_What the exercise asks_
Print, with no pictures, the exact lines that run from the one containing "300 Archer Court photo 10" through the last line of the material below, both ends included.

_Collected data_
_ _ _

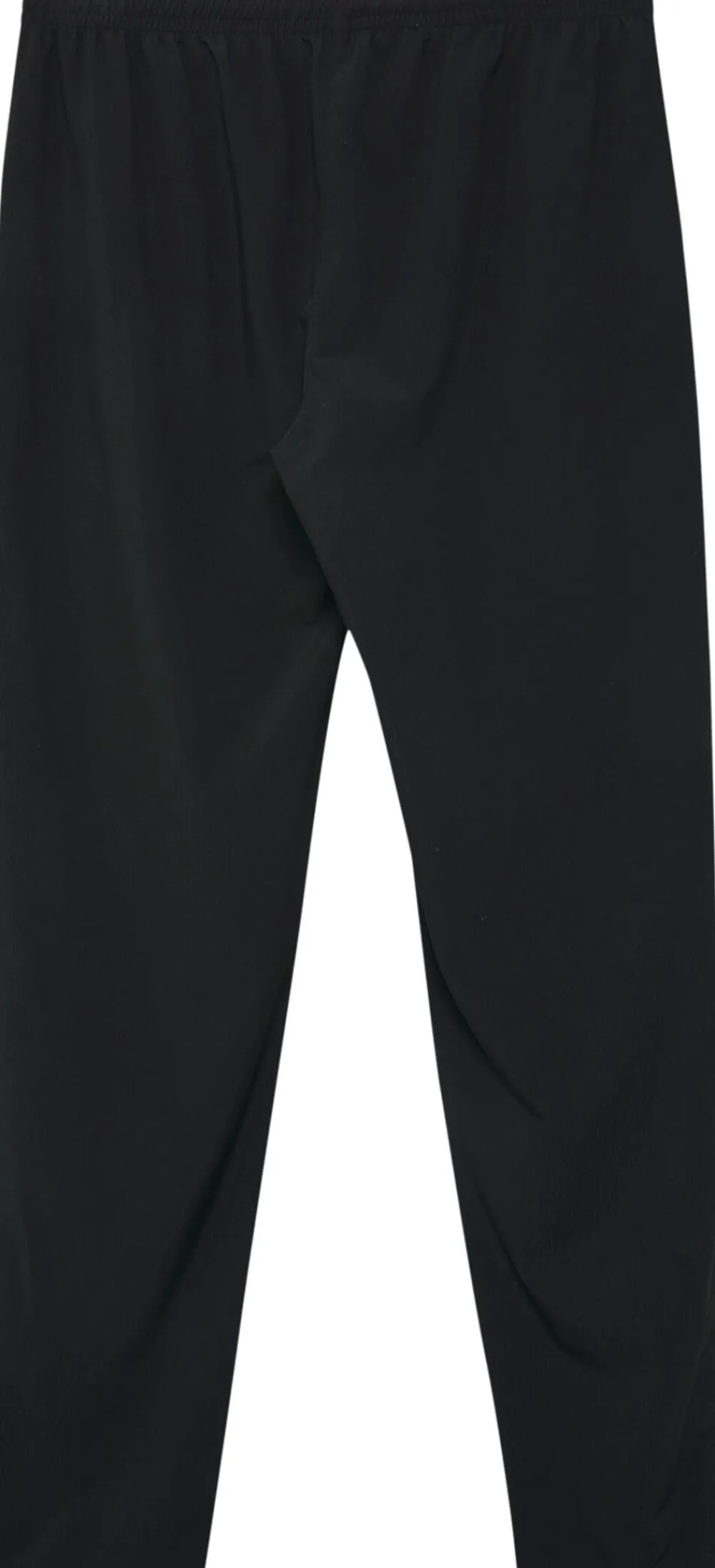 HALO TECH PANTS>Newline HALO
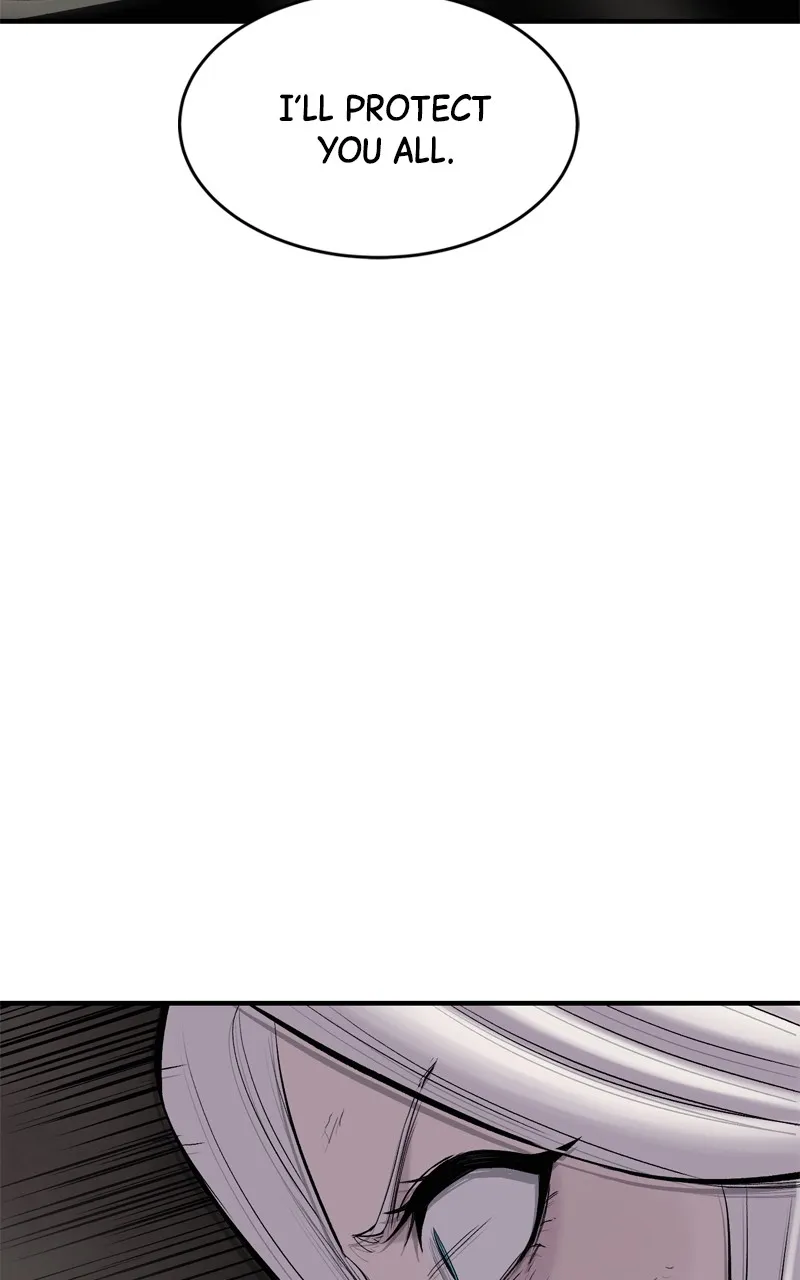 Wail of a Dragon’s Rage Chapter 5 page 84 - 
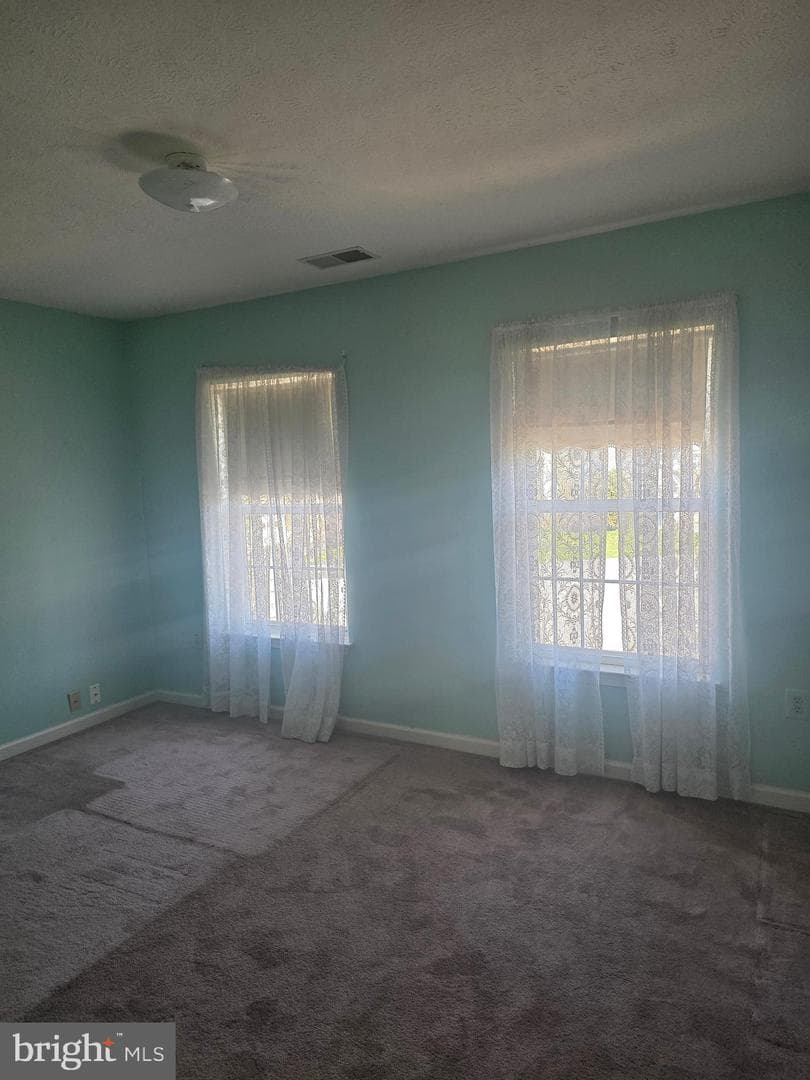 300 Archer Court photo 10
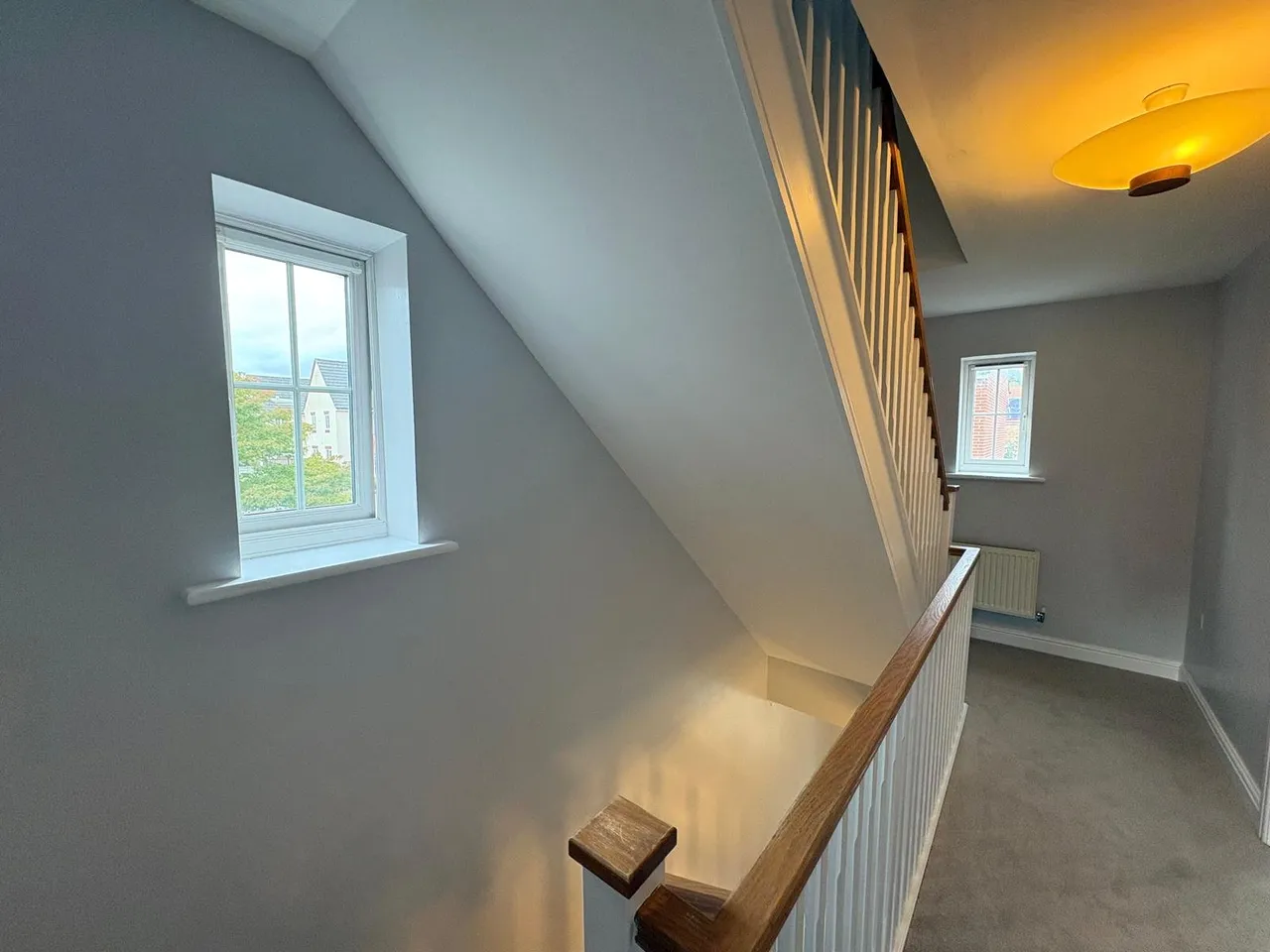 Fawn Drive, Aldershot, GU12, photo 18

_ _ _

_Finished task_
 300 Archer Court photo 10
 Fawn Drive, Aldershot, GU12, photo 18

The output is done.